* _Recorded data_

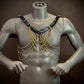black leather harness with gold chains on gray mannequin, edgy style, bold confidence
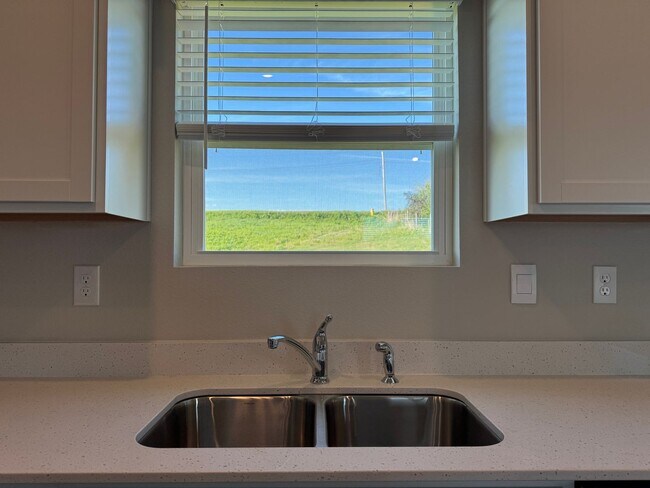 Building Photo - Spacious 4-Bedroom Split-Level Near Standing Bear Lake & Trails
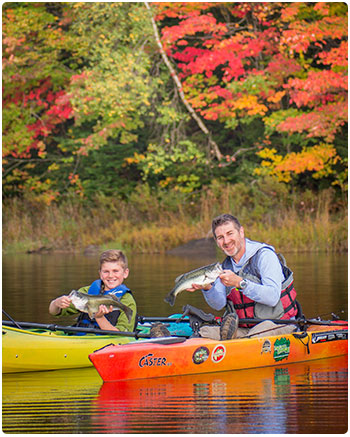 two anglers in kayaks with fish and fall colors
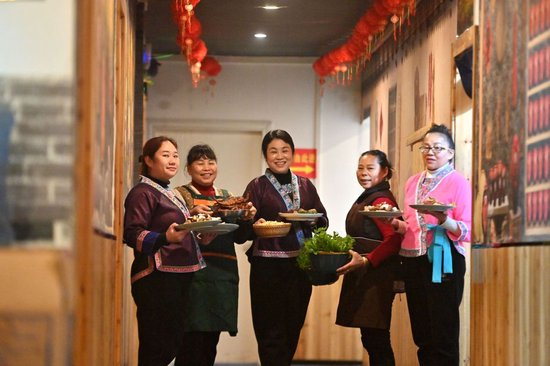 2025年2月28日，在广西柳州市融水苗族自治县融水镇一家餐馆，负责人吴葵花（中）和员工展示菜品。吴葵花经营餐馆22年，长期为当地农村群众提供稳定就业岗位，并收购偏远山区群众种植的蔬菜。在广西大山里，一批女能人活跃在农村电商、民宿餐饮、乡村文旅等各个领域，带动留守妇女发展产业，实现就近居家就业创业。新华社记者 黄孝邦 摄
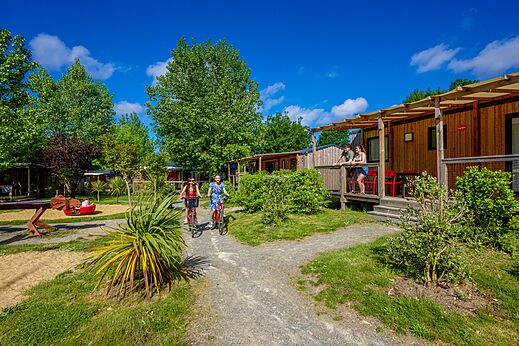 Casas m�viles con terrazas y personas en bicicleta en el camping CAPFUN Cenic en PENESTIN (56).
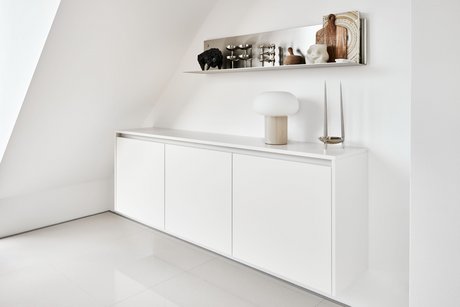 Schwebendes weißes Sideboard an weißer Wand, darüber offene Wandregale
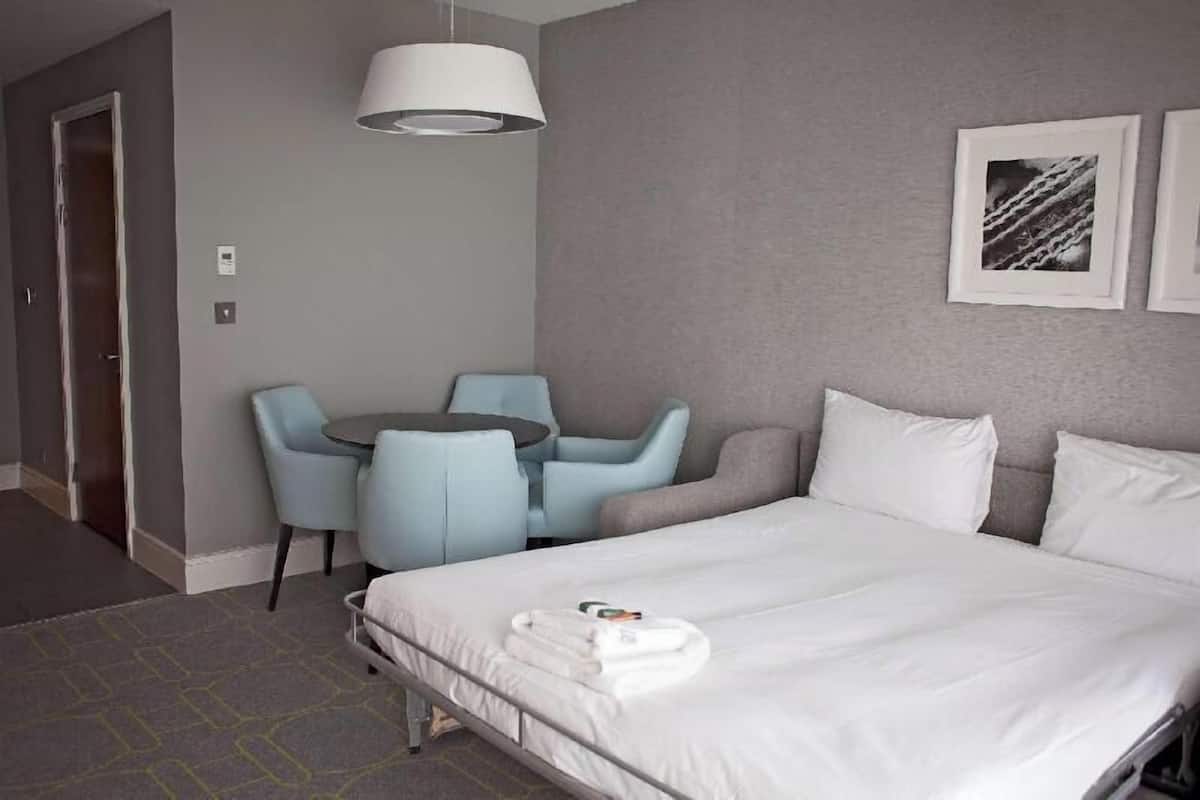 A hotel room with a bed, a desk, two chairs, a lamp, and two framed pictures on the wall.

* _Task requirements_
Please give back the data above word for word, with no pictures included.

* _Solution to this task_
black leather harness with gold chains on gray mannequin, edgy style, bold confidence
 Building Photo - Spacious 4-Bedroom Split-Level Near Standing Bear Lake & Trails
 two anglers in kayaks with fish and fall colors
 2025年2月28日，在广西柳州市融水苗族自治县融水镇一家餐馆，负责人吴葵花（中）和员工展示菜品。吴葵花经营餐馆22年，长期为当地农村群众提供稳定就业岗位，并收购偏远山区群众种植的蔬菜。在广西大山里，一批女能人活跃在农村电商、民宿餐饮、乡村文旅等各个领域，带动留守妇女发展产业，实现就近居家就业创业。新华社记者 黄孝邦 摄
 Casas m�viles con terrazas y personas en bicicleta en el camping CAPFUN Cenic en PENESTIN (56).
 Schwebendes weißes Sideboard an weißer Wand, darüber offene Wandregale
 A hotel room with a bed, a desk, two chairs, a lamp, and two framed pictures on the wall.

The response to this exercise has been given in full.